What prompted Negrete to make this shift now? For her, it just made sense. Much of the song’s architecture was informed by Negrete’s travels, which have brought her closer to herself. She’s spent some time in Mexico familiarizing herself with her roots, and has grown to feel more connected in the process. “Everything about the (Mexican) culture, I was like, ‘this makes so much sense for me.’ I always loved astrology or witchy things…When I dance I like to dance with my hips and stuff like that. I could never quite explain the little things about me, but when I went to Mexico…I just felt very at home and wanted to rejoice in that feeling and that coming of age,” Negrete monologues. It's clear in listening to her that she’s achieved a sense of self many would envy; the kind of inner peace that comes with answers. But answers only come with time, and how you spend that time helps inform your direction. Between starting her new job (she sings four times a week professionally) and sorting through her indecisions, her future as an artist was up in the air. “I felt like I didn’t really have much inspiration over that span; there were so many other adjustments in my life I was still getting used to, and wanting to go travel. I think when I went traveling, it made me realize, I was like, ‘what am I doing? I should be making music,’” she candidly explains. Caught between stability and desire for something more, Negrete made a commitment to the latter: she converted all her traveling budget to an investment into studio time and spent this past summer working on new music. Not only was she excited to share what she had learned in her new songs, but she had felt she’d outgrown her prior releases. “I got sick of people saying, ‘so where can I listen to your music?’ and then the last thing they heard was from 2021. I was like, ‘this is just so not me anymore.’” Getting back into “artist mode” as Negrete calls it wasn’t as easy as flipping a switch, but working to find the love she has for music only deepened her passion for creating. “I’m putting everything into these projects again, it's such a nice change of pace for me,” Negrete asserts.

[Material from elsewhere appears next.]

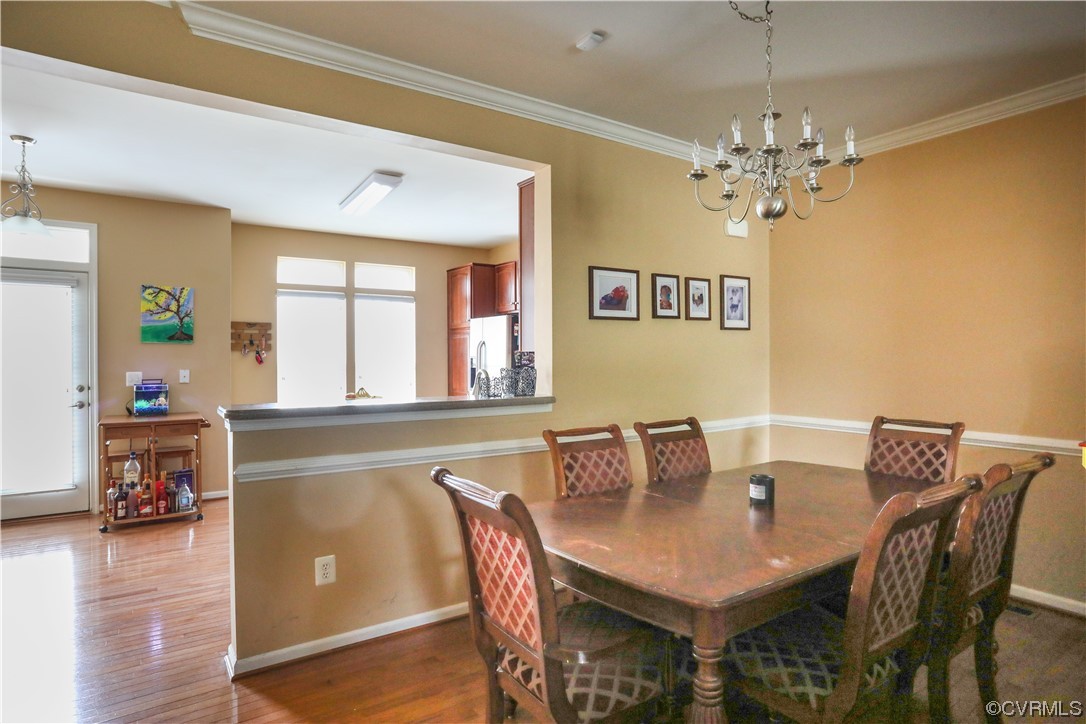 327 Rolkin Road Charlottesville, VA 22911 - Photo 5 of 18 a view of a dining room with furniture wooden floor and chandelier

You’ll find more of Negrete in “Dreams & Dryspells” than you would on any other song she’s released to date. The track has grown with Negrete, with its concept originating over 4 years ago. Not all of her songs take this long to mature – she wrote her previous standout single “Lost In Translation” in about an hour – but “Dreams & Dryspells” required more lived experience to reach its full potential. “I didn’t necessarily know how to expand on the idea of 'Dreams & Dryspells' but now I’m in a totally different place in life…we turned it into something completely different than it was supposed to be originally, but it took a more fun approach to it,” Negrete explains. 

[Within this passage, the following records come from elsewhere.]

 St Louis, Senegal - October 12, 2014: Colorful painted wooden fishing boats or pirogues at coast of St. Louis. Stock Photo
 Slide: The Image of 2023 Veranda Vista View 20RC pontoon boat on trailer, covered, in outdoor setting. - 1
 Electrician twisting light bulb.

The track is fun, sure, but it's just as much enchanting, with Negrete describing it as “the adrenaline of when someone you’ve been entangled with starts playing games and the communication runs dry...leaving you feeling like they’ve casted a spell on you.” Emphasizing the “spooky bruja” side of her personality, “Dreams & Dryspells” amplifies Negrete’s soft and transfixing vocals. Taking a more active role in her songs, truly coming into her own as a Chicana/Latina artist. For her, it's not only about embracing these elements of herself but also making them visible. Growing up as a mixed-race individual, she’s been active in promoting acceptance for others in their respective cultures. “Growing up in Iowa, it's very difficult to be immersed in Mexican culture. I started making it more a priority because you can get shamed from both sides,” she says, going on to explain that the experience of being multi-racial “leaves you with this feeling like you’re a disappointment, when really it's just not your fault at all.” Growing up, she was ridiculed for not being immersed enough in Mexican culture by others who belonged to that community while still being seen as a minority in the eyes of others. Often finding herself in “this place where you don’t really know where you belong,” Negrete has recently found comfort and a sense of belonging by immersing herself in her Mexican heritage. Traveling to Mexico and partaking in the culture has provided her some closure as to who she is as an artist and a person. If ever you need the proof that Emma Negrete has found her way, all you have to do is press play.